Does anyone know a solution to my problem?
I have seen some solutions offered the same problem for Windows 7 and Windows 8.2. I suspect that those solutions may work for Windows 10 in some form but wonder that Windows 10 may take special consideration?
I am hesitant to screw around with the registry without some assurance that it will work and am somewhat cautious about making registry changes but have done so by carefully following proven instructions.


----------



## managed

Post links to the registry fixes you mentioned then we can (hopefully) advise you if they look safe.


----------



## bobr1940

These are two of the links that looked promising.
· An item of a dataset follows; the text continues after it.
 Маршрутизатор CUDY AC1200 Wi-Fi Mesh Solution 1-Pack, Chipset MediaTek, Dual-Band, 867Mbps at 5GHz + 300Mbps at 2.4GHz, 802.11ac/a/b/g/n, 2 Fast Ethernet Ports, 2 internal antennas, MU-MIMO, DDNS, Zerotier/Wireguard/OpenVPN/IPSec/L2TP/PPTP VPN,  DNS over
http://www.thewindowsclub.com/fix-group-policy-client-service-failed-logon-windows-8
http://www.bleepingcomputer.com/forums/t/563235/group-policy-client-service-error/


----------



## managed

Ok thanks. Both links give the same instructions and I think you can follow them safely. There is a link to a Video at your second link's post #3 which shows exactly how to do the registry changes if you need it.


----------



## bobr1940

I followed the procedure in the first video and found nothing wrong nor missing.
Upon following the procedure in the second video, I also found nothing wrong nor missing. But, after restarting Windows and rechecking services, I found the Group Policy Client running. I was able to log in via my non privileged account.
Problem solved!
Thank you for your help.


----------



## managed

As long as it worked ! :up:

(if you're sure it's fixed now please mark this topic Solved).


----------